Elger, Thomas Gwyn Empy (1836-1897), an engineer born in Bedford and continuing to live there. Member Liverpool A.s. First Director of the BAA Lunar Section 1892-97. A cartographer and draughtsman of the highest order. He observed with a 8.5″ (21cm) reflector, and published an 18-inch chart in 1895 (Leatherbarrow 2013).
Hawkins, Hester Periam [nee Lewis](1846-1928), born Wantage, Berkshire where she lived until marrying the Rev. Josuha Hawkins. In 1879 he gave up his ministry and the family moved to Bedford. Amongst Hester’s various religious, social and political interests, she was fond of astronomy. She was the author of a series of small texts on the subject (1905-29) and became a fellow of the RAS in 1921 (Obit. MNRAS, 89 (1928), 308-9).

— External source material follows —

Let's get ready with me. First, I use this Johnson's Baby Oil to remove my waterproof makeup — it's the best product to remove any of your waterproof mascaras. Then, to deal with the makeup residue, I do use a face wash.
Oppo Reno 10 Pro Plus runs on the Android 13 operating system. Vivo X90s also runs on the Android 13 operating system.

Simmons, Hugh (1891-1962), of ‘Solaris’, Edlesborough, Dunstable, Beds. He worked at Whipsnade Zoo. He used a 10cm refractor for solar work, mostly drawing sunspots and prominences. A member of ‘Mr Barker’s Circle’, an observing group of eight men active from April 1934 to December 1938 and May 1946 to May 1948. See: Hertfordshire, Robert Barker, and for an excellent article (McKim 2013).

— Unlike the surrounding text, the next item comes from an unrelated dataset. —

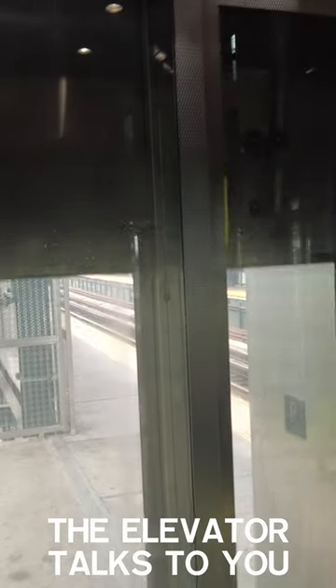The elevator talks to you. Yes, I like that the elevator talks to you. It's a big step in the right direction for accessibility, especially for those who may be visually impaired.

Smyth, William Henry [Capt.](1788-1865), born in Westminster, Middlesex. Through his naval career, he met Giuseppe Piazzi, director of the Royal Palermo Observatory with whom he observed before returning retiring to Bedford in England on half-pay. Here he established his Bedford Observatory equipped with a 5.9-inch Tully refractor to compile his Bedford Catalogue (1844). In his book Smyth drew a plan and described his observatory as being ‘a plan on as small and economical a scale as was consistent with the required efficiency’, he encouraged ‘the Uranian aspirant’ with a 5-foot [i.e. 3¾-inch object glass] (p. 370); the English climate required ‘moral courage’, so he addressed not ‘a dabbler’ but ‘the amateur’, ‘the true Uranian’ (pp. 378 and 383); similarly he differentiated ‘mechanicians like Troughton’ (p.380) from ‘indifferent workmen’ (p. 384). This was powerful persuasion. Hence the book, combined with Smyth’s activity and influence within the RAS, was very influential (Chapman 1997, ODNB).
Whitbread, Samuel Charles (1796-1879), born Bedfoprdshire (?), he was MP for Middlesex before inheriting a large family estate at Southill. With an interest in astronomy, here he erected a small but well-equipped observatory – survives as a time-capsule. He was a founder of the Royal meteorological Society along with John Lee and James Glaisher (Obit. MNRAS, 40 (1880), 207).